→ **Work instruction**
The records should be repeated word for word, pictures excluded.

(Data entries)
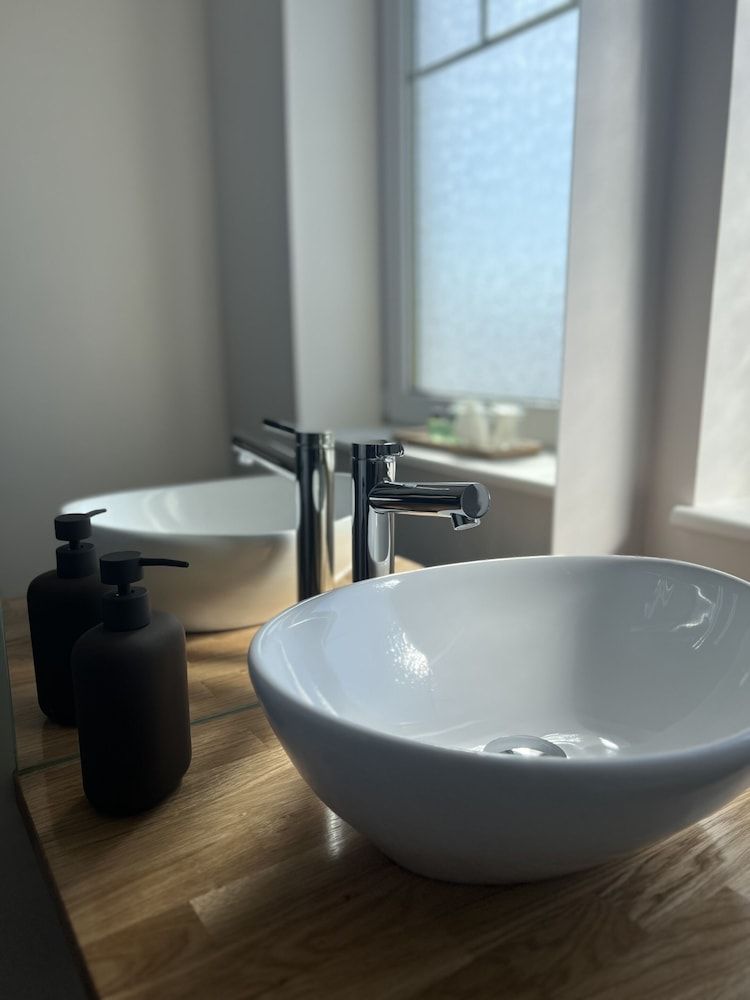 Tuckers Inn Standard Double Room, Ensuite 11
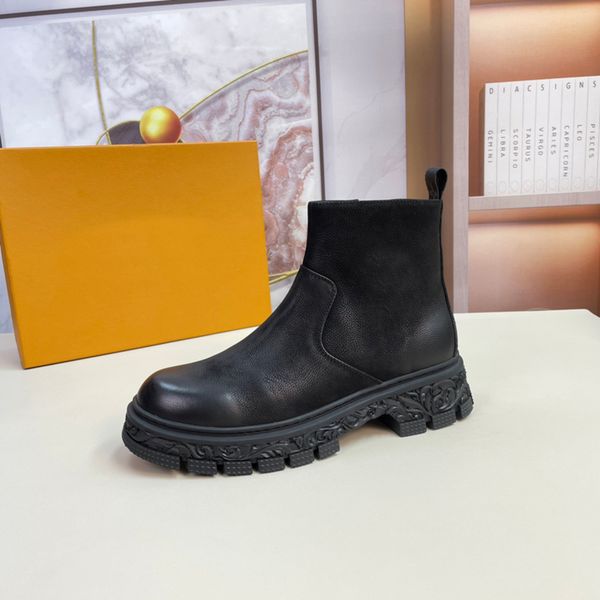 2023 man luxurys designer martin boots desert boot winter mens boots platform fashion love arrow flamingos medal heavy duty soles -b156, Black
2023 man luxurys designer martin boots desert boot winter mens boots platform fashion love arrow flamingos medal heavy duty soles -b156, Black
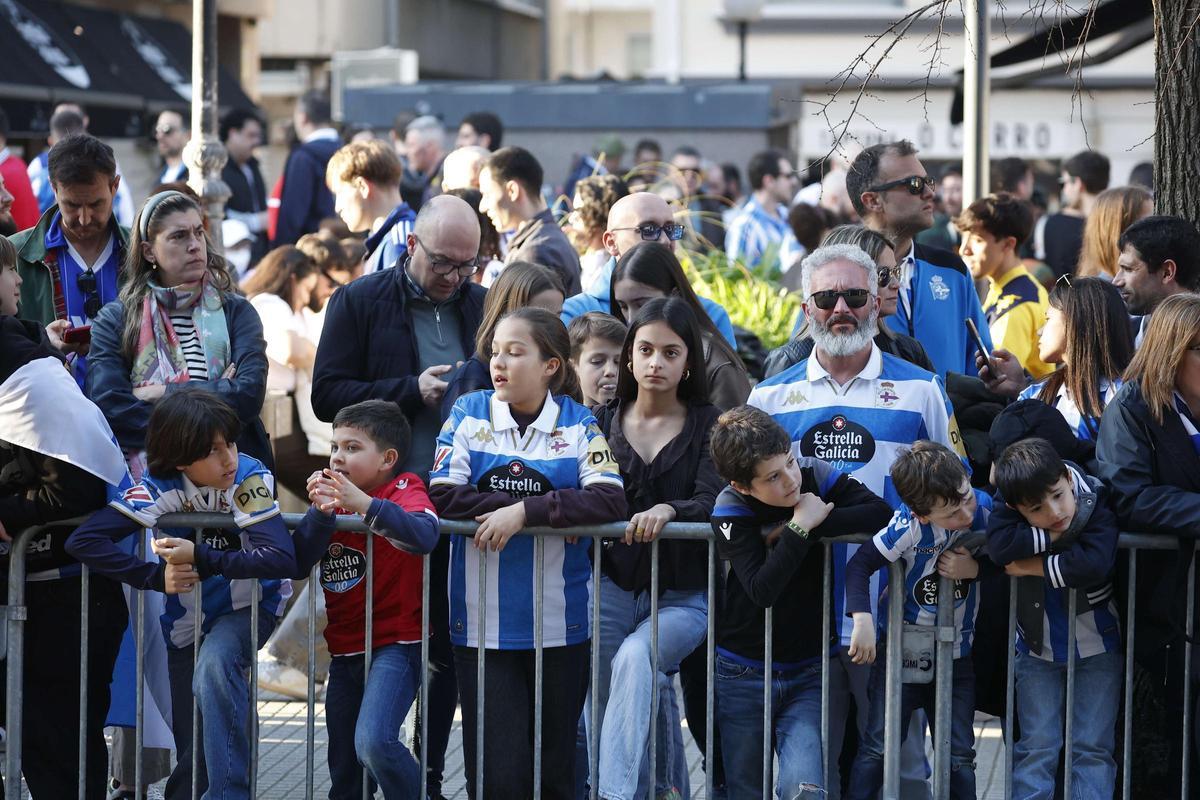 Así fue el recibimiento de la afición a la llegada del Deportivo en Riazor para el partido ante el Zaragoza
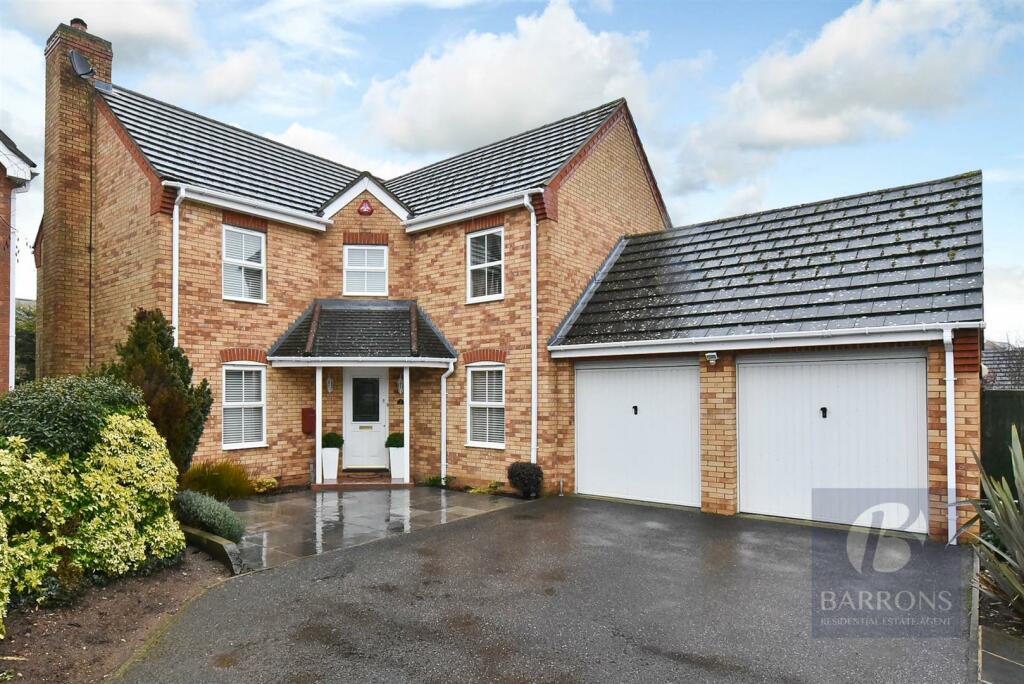 4 bedroom detached house for sale in Wells Close, West Cheshunt, EN7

→ **Result of the task**
 Tuckers Inn Standard Double Room, Ensuite 11
 2023 man luxurys designer martin boots desert boot winter mens boots platform fashion love arrow flamingos medal heavy duty soles -b156, Black
2023 man luxurys designer martin boots desert boot winter mens boots platform fashion love arrow flamingos medal heavy duty soles -b156, Black
 Así fue el recibimiento de la afición a la llegada del Deportivo en Riazor para el partido ante el Zaragoza
 4 bedroom detached house for sale in Wells Close, West Cheshunt, EN7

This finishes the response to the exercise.